Bears are kind of unique in that they cycle through available food sources. They take advantage of what is ripe at any given time of the year, and move from one source to the next, bingeing almost exclusively on a single source until it is exhausted. In the early spring, black bears target tender green shoots and weeds like dandelions before switching to ripe berries throughout the summer, then gorging themselves on hard mast like nuts in the fall.
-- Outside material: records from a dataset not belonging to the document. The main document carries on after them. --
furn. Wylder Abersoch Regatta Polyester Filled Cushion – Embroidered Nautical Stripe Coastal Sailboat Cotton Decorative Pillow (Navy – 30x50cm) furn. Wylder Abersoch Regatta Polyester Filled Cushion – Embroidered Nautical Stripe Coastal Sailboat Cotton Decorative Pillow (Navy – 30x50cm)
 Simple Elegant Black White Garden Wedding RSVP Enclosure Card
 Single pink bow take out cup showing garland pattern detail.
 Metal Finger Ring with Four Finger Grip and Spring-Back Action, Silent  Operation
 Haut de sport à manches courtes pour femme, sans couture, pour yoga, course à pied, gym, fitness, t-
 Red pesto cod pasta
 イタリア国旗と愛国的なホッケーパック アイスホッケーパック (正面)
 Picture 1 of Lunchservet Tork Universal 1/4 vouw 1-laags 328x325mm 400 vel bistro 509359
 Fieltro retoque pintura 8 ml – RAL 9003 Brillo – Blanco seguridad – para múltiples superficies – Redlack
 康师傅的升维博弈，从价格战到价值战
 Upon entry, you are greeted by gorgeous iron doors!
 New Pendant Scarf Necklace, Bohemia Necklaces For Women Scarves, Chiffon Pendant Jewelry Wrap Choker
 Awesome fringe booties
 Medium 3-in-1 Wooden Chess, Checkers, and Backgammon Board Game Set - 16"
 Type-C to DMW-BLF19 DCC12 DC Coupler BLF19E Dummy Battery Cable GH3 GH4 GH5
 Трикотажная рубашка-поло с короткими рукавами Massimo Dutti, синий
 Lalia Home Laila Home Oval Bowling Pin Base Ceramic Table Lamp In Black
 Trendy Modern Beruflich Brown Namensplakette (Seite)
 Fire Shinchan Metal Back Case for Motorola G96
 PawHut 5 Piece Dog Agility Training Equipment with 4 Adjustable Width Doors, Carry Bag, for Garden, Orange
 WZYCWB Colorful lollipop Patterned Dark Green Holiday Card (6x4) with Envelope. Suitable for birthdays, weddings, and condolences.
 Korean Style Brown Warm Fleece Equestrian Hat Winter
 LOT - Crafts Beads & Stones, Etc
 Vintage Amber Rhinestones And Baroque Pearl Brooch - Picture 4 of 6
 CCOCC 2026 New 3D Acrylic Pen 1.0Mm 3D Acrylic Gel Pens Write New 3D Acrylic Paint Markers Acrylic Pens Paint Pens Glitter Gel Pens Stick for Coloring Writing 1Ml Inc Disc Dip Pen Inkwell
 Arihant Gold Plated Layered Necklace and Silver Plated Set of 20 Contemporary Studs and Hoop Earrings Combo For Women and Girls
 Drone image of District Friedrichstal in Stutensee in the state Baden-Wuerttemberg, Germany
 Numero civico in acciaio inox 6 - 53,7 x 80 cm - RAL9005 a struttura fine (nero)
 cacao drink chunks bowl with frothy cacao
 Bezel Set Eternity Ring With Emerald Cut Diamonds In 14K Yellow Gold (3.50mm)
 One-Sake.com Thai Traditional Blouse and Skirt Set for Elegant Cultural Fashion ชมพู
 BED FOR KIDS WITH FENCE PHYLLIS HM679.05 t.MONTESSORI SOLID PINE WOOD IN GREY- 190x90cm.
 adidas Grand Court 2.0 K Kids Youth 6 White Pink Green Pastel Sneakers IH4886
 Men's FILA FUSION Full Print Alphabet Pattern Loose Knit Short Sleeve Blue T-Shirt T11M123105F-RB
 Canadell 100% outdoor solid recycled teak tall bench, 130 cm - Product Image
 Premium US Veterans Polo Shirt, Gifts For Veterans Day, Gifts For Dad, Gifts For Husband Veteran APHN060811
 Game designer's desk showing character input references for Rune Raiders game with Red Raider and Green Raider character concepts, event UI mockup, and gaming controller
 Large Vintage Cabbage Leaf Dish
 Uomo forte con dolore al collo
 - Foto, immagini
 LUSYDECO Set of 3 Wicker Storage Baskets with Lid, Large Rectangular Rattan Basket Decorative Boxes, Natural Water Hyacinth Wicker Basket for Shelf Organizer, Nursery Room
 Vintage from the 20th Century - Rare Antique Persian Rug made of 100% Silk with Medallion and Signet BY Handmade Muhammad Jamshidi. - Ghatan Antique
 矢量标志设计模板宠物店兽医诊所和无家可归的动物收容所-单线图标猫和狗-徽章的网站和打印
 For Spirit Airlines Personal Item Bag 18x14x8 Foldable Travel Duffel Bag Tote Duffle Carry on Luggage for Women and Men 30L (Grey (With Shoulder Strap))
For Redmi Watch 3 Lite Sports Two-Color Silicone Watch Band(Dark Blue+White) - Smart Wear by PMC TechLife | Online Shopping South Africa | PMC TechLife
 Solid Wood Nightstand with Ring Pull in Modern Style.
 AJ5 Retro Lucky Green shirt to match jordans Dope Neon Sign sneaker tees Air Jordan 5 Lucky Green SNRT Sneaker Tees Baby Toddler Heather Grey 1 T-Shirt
In an abundant habitat, their summer diet might start with blackberries before transitioning to wild cherries, then sassafras and pokeberries later on in the summer, then elderberries and persimmons.

As Bent Tree has worked with Amicoloa EMC  to not indiscriminately spray herbicides under power lines, blackberry has begun to return in these sunny areas. Volunteering with Lake & Wildlife to minimize young tree growth under the power lines will ensure this strategy continues and directly contributes to fruitful food sources for bear and other wildlife.

 



Opportunistic

Black bears are known to take advantage of an easy meal. If hungry, they will pretty much eat anything they comes across.  In the spring, black bears may prey on young deer fawns if they happen to find one.   They even occasionally hijack carcasses of animals that were killed by another predator.  Much conflict with humans is due to the bears opportunistic approach to food. If human food sources are readily available, a black bear will take advantage.  Feeding bears or allowing them access to human food, bird seed, and garbage causes a number of problems:

  • It changes the bear's behavior and causes them to lose their instinctive fear of humans. Over time, these bears may begin approaching people in search of food and may become more unpredictable and dangerous.

  • Bears that obtain human food and garbage damage property and injure people. These bears pose a risk to public safety. They can also teach other bears this dangerous behavior.

  • Studies have shown that bears that lose their fear of people by obtaining human food and garbage never live as long as bears that feed on natural foods and are shy and afraid of people. Many are hit by cars and become easy targets for poachers.

 

Other, or Oh My Goodness – they tried to eat what

 Many human items have fragrant ingredients that attract bears, some that you’d not really think of them as food – like cosmetics and sunscreen and bug spray.  Bears will bite into insulated hot tub covers, and refrigerator walls because these items all produce formic acid when the formaldehyde in the insulation breaks down, making them smell like ant colonies.  Citronella products contain a compound that is attractive to bears, likely because they also smell like ant colonies.  While it may seem counterintuitive, wildlife repellents such as deer or rabbit repellents, can attract bears because of their smell.  Garden fertilizers and compost, particularly anything containing fish emulsion, is a prime attractant. The bear’s very keen sense of smell can lead them to gum wrappers left in a car, or soda residue in a glass on a porch.  

 

Given their broad dietary flexibility and adaptiveness to thrive in close proximity to humans, it can be a challenge to share habitat with black bears.  As Bent Tree residents we want to be safe and also enable the bears to live wild. This requires us to understand their motivation and diligently monitor and control our own causal behaviors.  We need to maintain their natural food sources and minimize enticements to our human food sources.